EU holds off on fresh sanctions over Russia′s arrest of Navalny | News | DW | 25.01.2021
  1. Inhalt
  2. Navigation
  3. Weitere Inhalte
  4. Metanavigation
  5. Suche
  6. Choose from 30 Languages
Advertisement

News

EU holds off on fresh sanctions over Russia's arrest of Navalny

The bloc condemned Russia's detention of longtime Kremlin critic Alexei Navalny but stopped short of backing new sanctions. The dissident is facing jail time for breaching the conditions of an earlier sentence.

Protesters march in support of jailed opposition leader Alexei Navalny in downtown Moscow on January 23, 2021

Protesters march in support of jailed opposition leader Alexei Navalny in downtown Moscow on January 23, 2021

European Union foreign ministers meeting in Brussels on Monday decided to hold off on slapping new sanctions on Moscow in response to the arrest of Kremlin critic Alexei Navalny.

The talks came two days after a police crackdown on Navalny's supporters in which more than 3,500 people were detained during demonstrations that attracted tens of thousands of people. 

EU foreign policy chief Josep Borrell said the bloc's 27 members had condemned the mass arrests and agreed that Navalny's detention was "completely unacceptable." But ministers ultimately decided imposing fresh sanctions was "premature," according to one diplomat cited by AFP. 

Borrell is set to visit Moscow early next month to press the Kremlin over Navalny's arrest and discuss the EU's concerns.

"This will be a good opportunity to discuss with my Russian counterpart all relevant issues, to pass clear messages on the current situation," Borrell said. 

Ahead of the meeting, German Foreign Minister Heiko Maas called for those who demonstrated peacefully to be "released immediately."

"The Russian constitution gives everybody in Russia the right to express their opinion and to participate in demonstrations," he said.

Lithuanian Foreign Minister Gabrielius Landsbergis said Monday that the EU "needs to send a very clear and decisive message that this is not acceptable." 

Watch video 02:00

Russian police break up nationwide pro-Navalny protests

What action could be taken?

Any binding decision on sanctions could not have been taken at Monday's meeting in any case, as such a move would have to be signed off by EU leaders and they will not meet again until March.

Navalny will appear in court on February 2, and Brussels is expected to weigh its response on whether the Kremlin puts him behind bars for an extended term. Navalny is facing three-and-a-half years, allegedly for breaking the conditions of an earlier suspended sentence.

Poland has already said that it will back a series of restrictive measures against Moscow. The EU has a new, streamlined tool for blacklisting foreign officials over human-rights violations.

"The only way to [avoid conflict] is to force international law to be observed. The only way to do this without rifles, cannons and bombs is via sanctions. So we are ready to help build consensus on that issue," Polish President Andrzej Duda told the Financial Times in an interview.

The EU already has economic sanctions in place on Russian energy, financial and arms sectors over the annexation of the Crimea peninsula in 2014. The bloc has also imposed sanctions on Russian officials in response to Navalny's poisoning in August. 
 

Senior German MEP urges tough response

Earlier Monday, German MEP Manfred Weber, leader of the European People's Party, the EU’s largest political alliance, called for decisive action.

"The EU foreign ministers are not allowed to dodge this once again and stop at general appeals," said Weber, a senior German conservative and a member of the CSU, the Bavarian sister party of Chancellor Angela Merkel's Christian Democrats.

Watch video 03:46

EPP leader on US Capitol riot: 'Defend our institutions'

"The EU has to hit where it really hurts the Putin system — and that's the money," he said, speaking to Germany's Redaktions Netzwerk Deutschland newspaper group.
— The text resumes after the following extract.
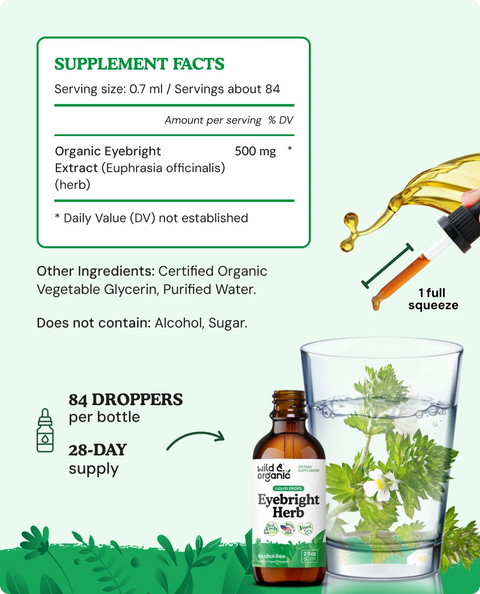 Eyebright Tincture supplement facts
The EU should cut financial transactions from Putin's inner circle, he added.

Weber said the German government should not rule out stopping the Nord Stream 2 pipeline, which is meant to double natural gas deliveries from Russia to Germany.

Germany faces criticism over Russian pipeline project

Germany has faced critcism in the European Parliament for refusing to cancel the project despite repeated human rights violations committed by the Russian government.

MEPs last week passed a resolution calling for the pipeline to be halted over Navalny's arrest.

Watch video 02:37

Nordstream 2 is nearing completion but controversy remains

A German government spokesman declined to comment on whether Merkel backs new sanctions against Russia.

The German chancellor has also repeatedly backed Nord Stream 2.